Joseph Haydn
Sonates pour piano n° 33 et n° 59
L’idole méconnue
Derrière la souriante image de papa Haydn se cache un tel amoncellement de musique que presque tout le monde y perd pied, votre serviteur le premier.
Tant d’opéras, de messes, d’œuvres étranges pour des instruments encore plus étranges (baryton), des quatuors à foison, des symphonies répandues comme une joyeuse marmaille, et des sonates dont on ignore même exactement la quantité.
Haydn est une fontaine à musique, qui certes épouse son temps, depuis la tenue de laquais jusqu’aux fré-missements d’idées (l’époque du Sturm und Drang) mais qui en fait, jamais ne dévie de sa route, au risque d’une perfection monotone.
Passage obligé de la musique classique, il formalise la forme sonate, il réinvente le quatuor, le grand oratorio mais comme cela en passant, et sans jamais abandonner sa ligne de conduite : la discipline et la rigueur mariées à la joie du divertissement d’écrire.
Haydn avait tout simplement la jouissance de l’écriture musicale, une courbe fluide en lui faisait jouer toutes les mémoires de la musique, comme une eau intarissable. Voyageur des rives de son siècle, il observe les modes, s’y soumet souvent, et continue goguenard à pondre inlassablement des réservoirs de notes.
Bien sûr il a su décrire, puisqu’il fallait, le chaos en musique (début de la Création) mais là où on retrouve sa nature réelle, c’est plutôt dans cette musique claire, sans superflu, qui va de soi plutôt que vers l’autre.

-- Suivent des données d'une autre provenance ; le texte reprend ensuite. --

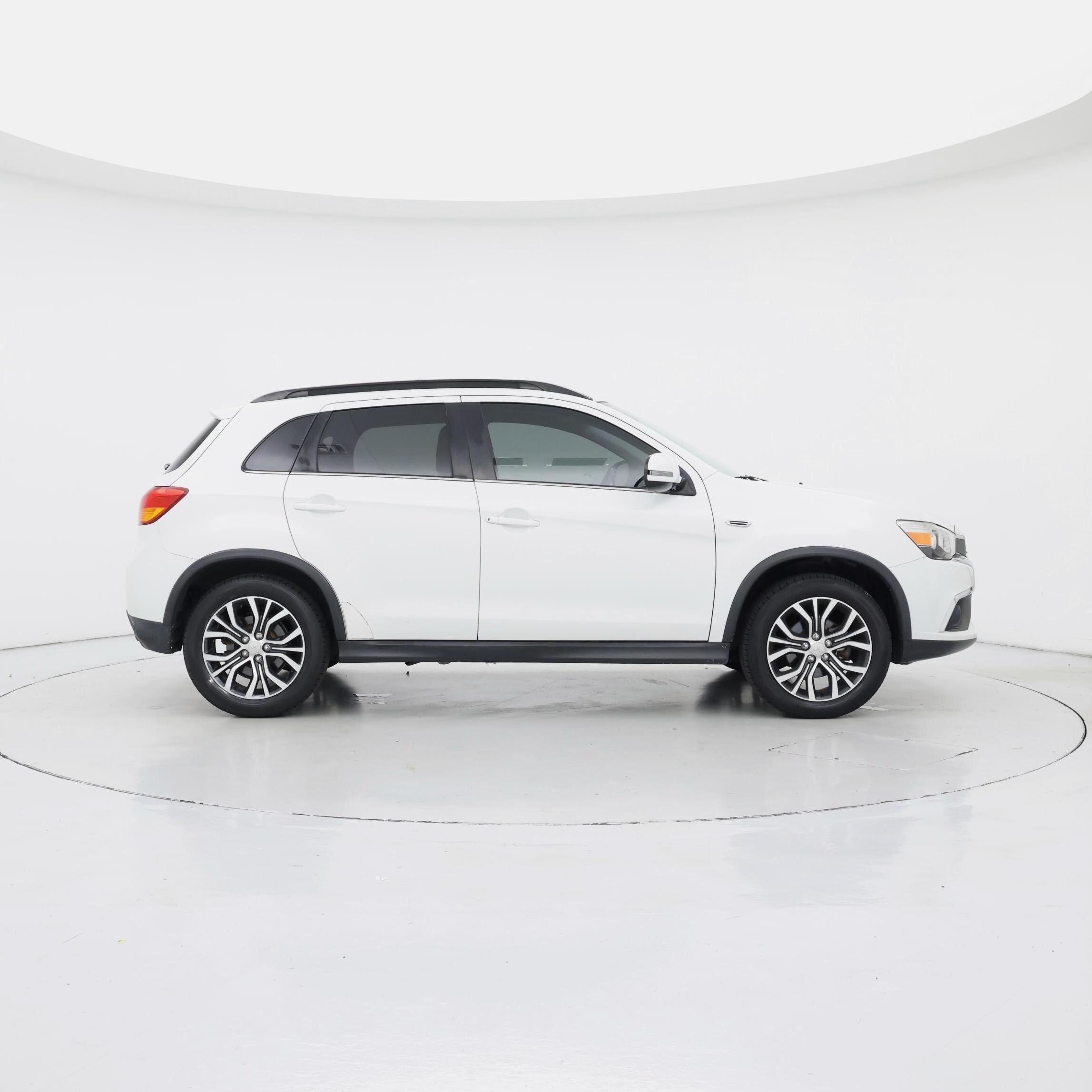 Thumbnail: 2017 Mitsubishi Outlander Sport - 7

Ordre et beauté, logique et concision, sa liberté était dans la discipline, sa volupté dans la lumière de l’ordre.
Les sonates pour clavier sont fondamentales dans la belle forêt des oeuvres de Haydn. Elles s’étalent sur plus de quarante ans de sa vie (sans doute de 1755 à 1795) et leur nombre incertain car Haydn ne les destinaient pas à la publication. Comme des enfants aimés mais devenus encombrants il les a abandonnés dans les méandres de son chemin de créateur. En plus, certaines lui sont peut-être attribuées à tort. Qu’importe, elles sont le miroir le long du chemin d’un compositeur, un journal intime d’un compositeur extrêmement mouvant car se moulant dans toutes les modes du temps, et surtout très attentif, pour ne pas dire prisonnier des goûts de son public. Haydn voulait se faire plaisir, mais il voulait aussi plaire. Des amateurs aux élèves, en passant aux virtuoses, puis au public averti, on trouve de tout dans ses sonates ; depuis les orages préromantiques, jusqu’à cette sérénité enjouée qui fait durablement sa marque.

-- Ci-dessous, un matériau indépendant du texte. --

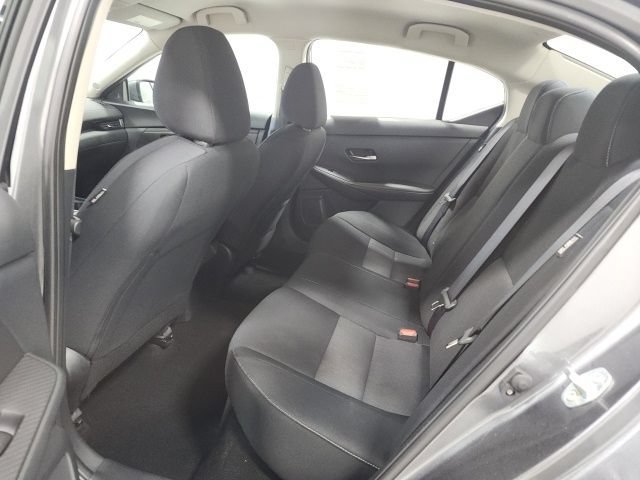 Used 2023 Nissan Sentra SV FWD image 16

Pourquoi cette fascination pour une expression qui peut paraître simpliste, trop en prise avec le goût ambiant ? La première réponse sera de l’ordre émotionnel : les sonates de Haydn sont d’un blanc aveuglant par leur volubilité ailée, celles de Mozart certes, recèlent plus de neige cachée, mais elles ne font pas vraiment partie de son moi profond.

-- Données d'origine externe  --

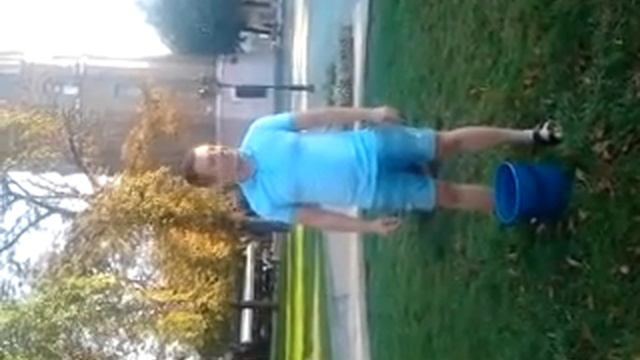 Ice bucket challenge Александр Васильчук смотреть онлайн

La deuxième réponse viendra des grands interprètes et de leur position par rapport à cette musique. Glenn Gould, ainsi que Vladimir Horowitz, auront consacré leur dernier disque publié de leur vivant aux sonates de Haydn.
Gould "qui ne s’occupait que des choses qu’il voulait réellement faire et qui avaient une profonde résonance en lui", ne pouvait aller vers la fin programmée de sa carrière de pianiste de studio que vers une passion. Cette passion sera Haydn. Notons qu’à treize ans, il avait baptisé son poisson rouge Haydn. Gould a voulu enregistrer l’intégrale des sonates de Haydn alors qu’il a allegrement massacré Mozart et Beethoven - "Les sonates de Haydn représentent pour moi un domaine beaucoup plus vaste que celles de Mozart, surtout pour leur contenu musical et expérimental".
On peut rapprocher cette opinion de celle de Christopher Hogwood - "Je préfère de loin Haydn à Mozart. Pourquoi ? Parce que Haydn c’est comme dans les émissions de cuisines à la télé, il montre les ingrédients et cuit sous vos yeux, alors que Mozart fait tout en cachette, et quand il sort de la cuisine, c’est déjà prêt".
Gould qui détestait la période baroque a déclaré également sur Haydn "c’est la seule musique de soir qui m’ait fait asseoir au piano et jouer pour mon plaisir".
Ce qui fascinait Glenn Gould et qui nous étonne aussi, c’est sous le moule d’une forme rigide, la folle inven-tivité, le plaisir glouton des agrégats de notes. Haydn se faisait grande joie en composant ses sonates, une grande partie de cette joie reste posée sur nous comme une lumière immense. Le printemps soulève les dentelles de ses notes et la mélancolie tragique est obligée de s’enfuir dans un terrier pour l’hiver à venir. Cette simplicité, cette sincérité sont une fontaine de jouvence pour les grands pianistes auxquels ces sonates apportent une sorte d’allégresse intérieure.
Sonate en ut mineur n°33
Elle semble avoir été composée aux environs de 1771 et elle détonne au milieu de la production de Haydn. Après la série des dix sonates qui avaient marqué un tournant audacieux par une succession de mouvement alors inédite plaçant mouvement lent en tête, cette sonate surprend totalement ses auditeurs par ces combats préromantiques, et ses ombres à peine masquées. Haydn hésita longtemps avant de la publier, car son public et les critiques furent choqués et déçus.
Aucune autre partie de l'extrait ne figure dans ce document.